**Try it:** Exactly and only the lines from the first entry through the line with "Base Naval Antártica" should be copied, both ends included, with no pictures.
Segment Open
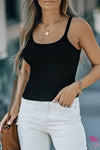 Anya Ribbed Knit Crop Top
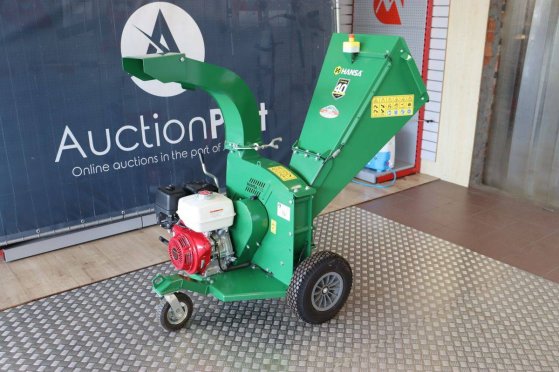 Hansa C13 Petrol Wood Chipper 13hp 2021 New Hansa C13 2021 1 image 9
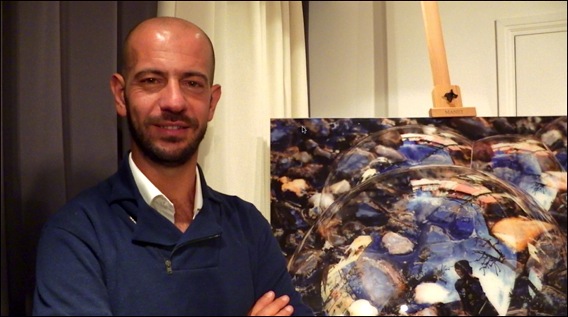 Nice Hôtel Méridien Exposition Somnan-Bulles de l’artiste Khaled Youssef:: khaled-youssef-lg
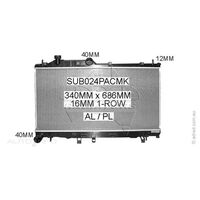 Adrad Radiator - SUB024PACMK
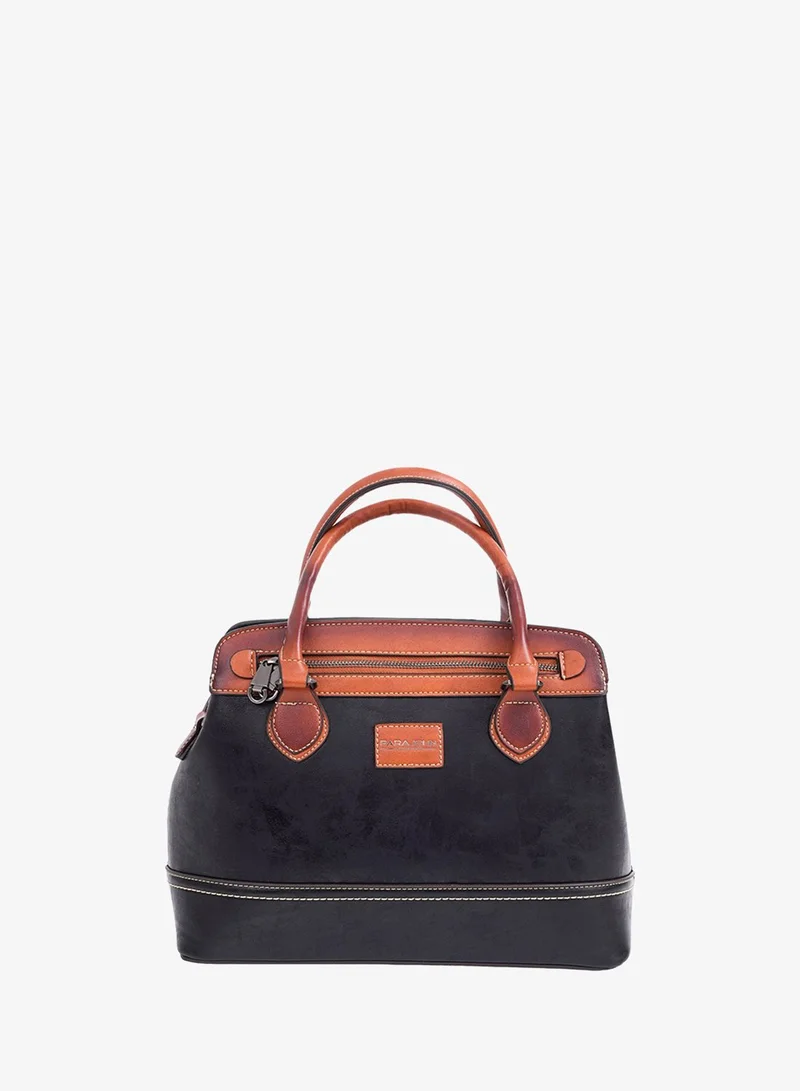 بارا جون حقيبة يد نسائية باراجون لندن بتصميم فينتيج من الجلد الصناعي الفاخر بتصميم أنيق للاستخدام اليومي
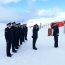  Base Naval Antártica Arturo Prat celebra aniversario del Combate Naval de Angamos y Día del Suboficial Mayor  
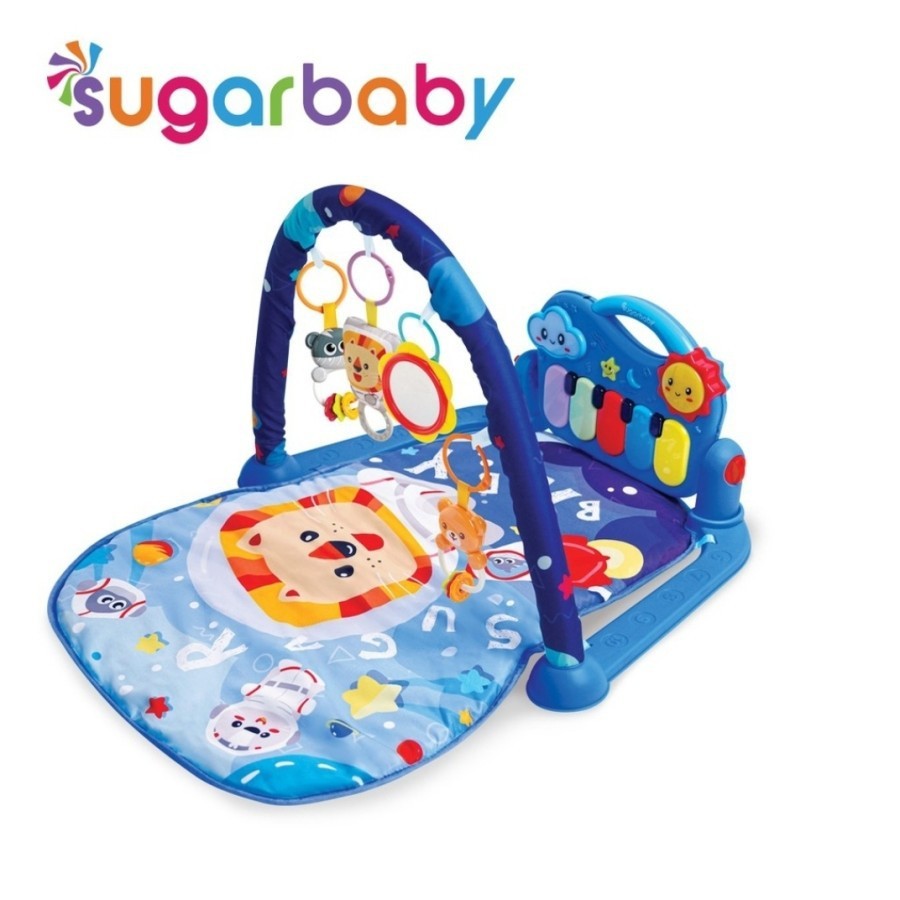 Sugar Baby Playmat | Sugar Baby Piano Musical Playgym | Sugar Baby Playmat Alas Bermain Bayi FP SUGA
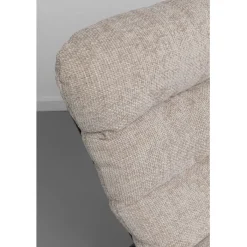 Fauteuil + tabouret Vienna Swing beige><noscript><img width=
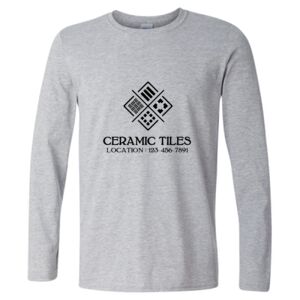 Softstyle® Long Sleeve T-Shirt Thumbnail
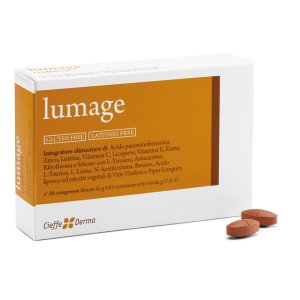 Cieffe Derma Lumage 20 Compresse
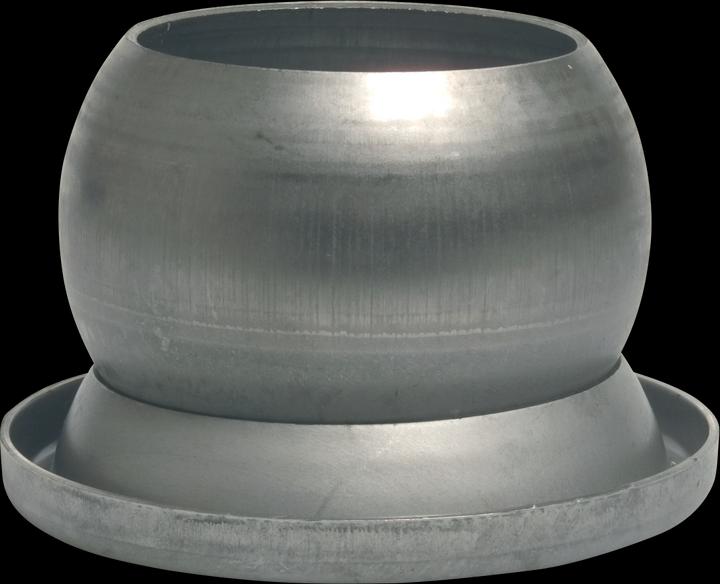 Produktbild Bevo Kugel Stahl 120 mm V-Teil Italienisch x Stumpfschweissung Typ Italienisch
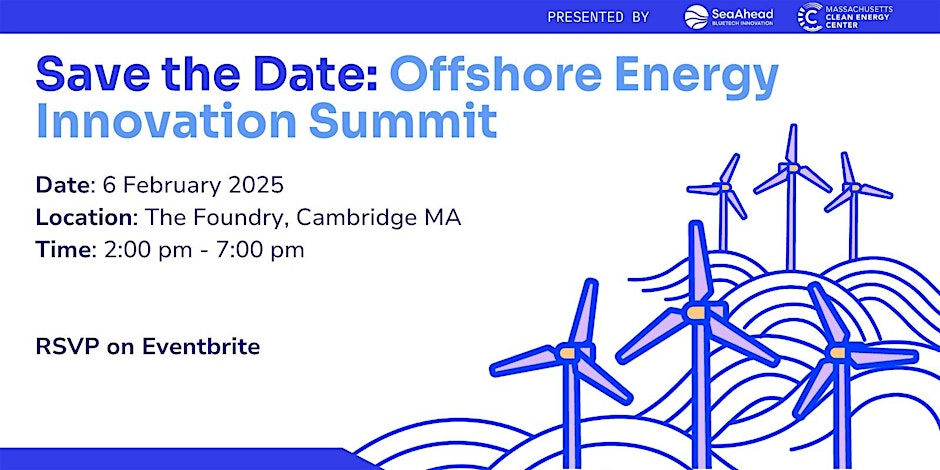 SeaAhead 5th Offshore Energy Innovation Summit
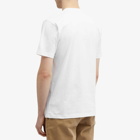 Norse Projects Men's Johannes Organic Waves Print T-shirt in White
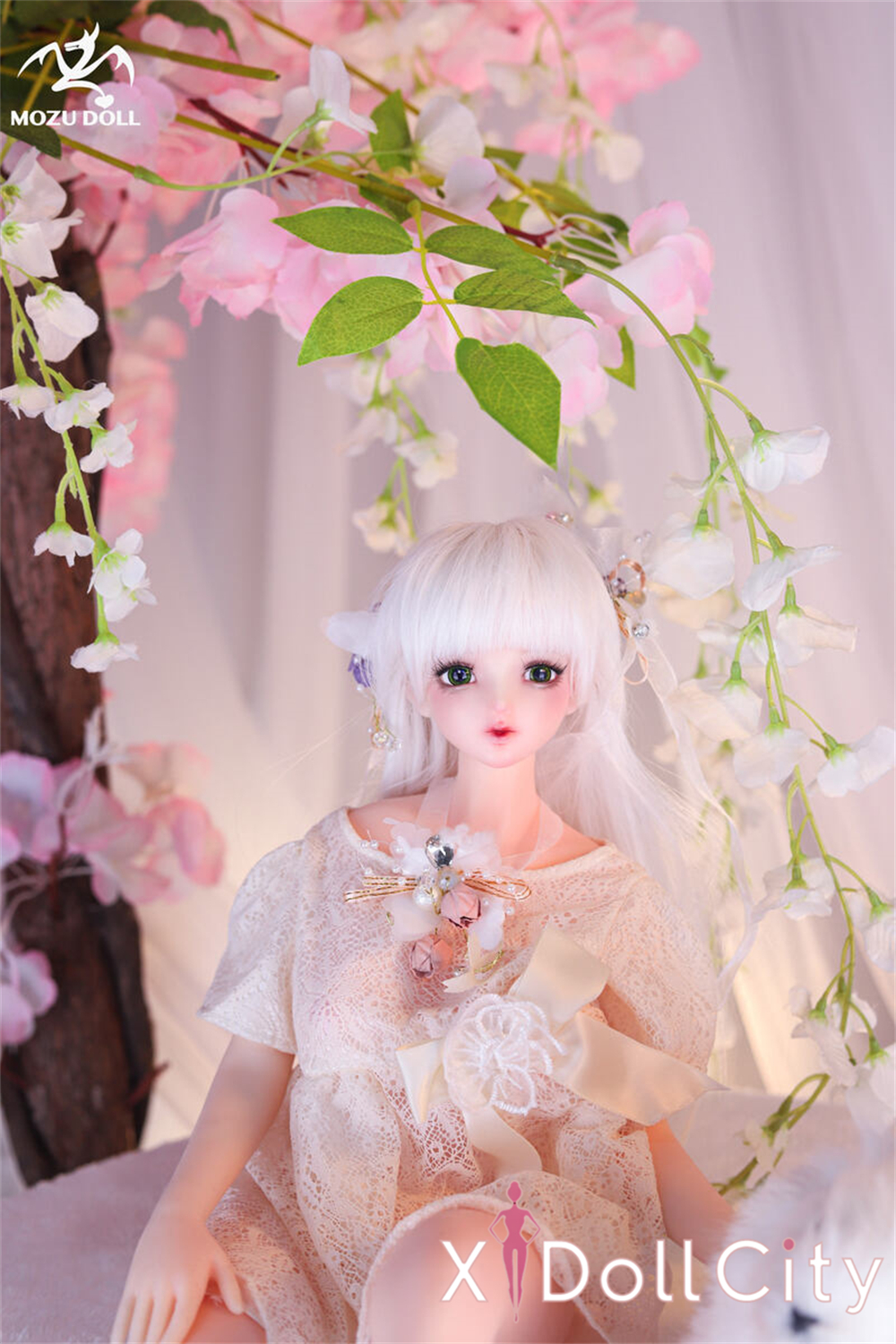 MOZU Doll 小玉 成人スタイルラブドール 可愛い フルシリコン製 ラブドール貧乳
Segment Closed
**Answer to this problem:**
 Anya Ribbed Knit Crop Top
 Hansa C13 Petrol Wood Chipper 13hp 2021 New Hansa C13 2021 1 image 9
 Nice Hôtel Méridien Exposition Somnan-Bulles de l’artiste Khaled Youssef:: khaled-youssef-lg
 Adrad Radiator - SUB024PACMK
 بارا جون حقيبة يد نسائية باراجون لندن بتصميم فينتيج من الجلد الصناعي الفاخر بتصميم أنيق للاستخدام اليومي
  Base Naval Antártica Arturo Prat celebra aniversario del Combate Naval de Angamos y Día del Suboficial Mayor  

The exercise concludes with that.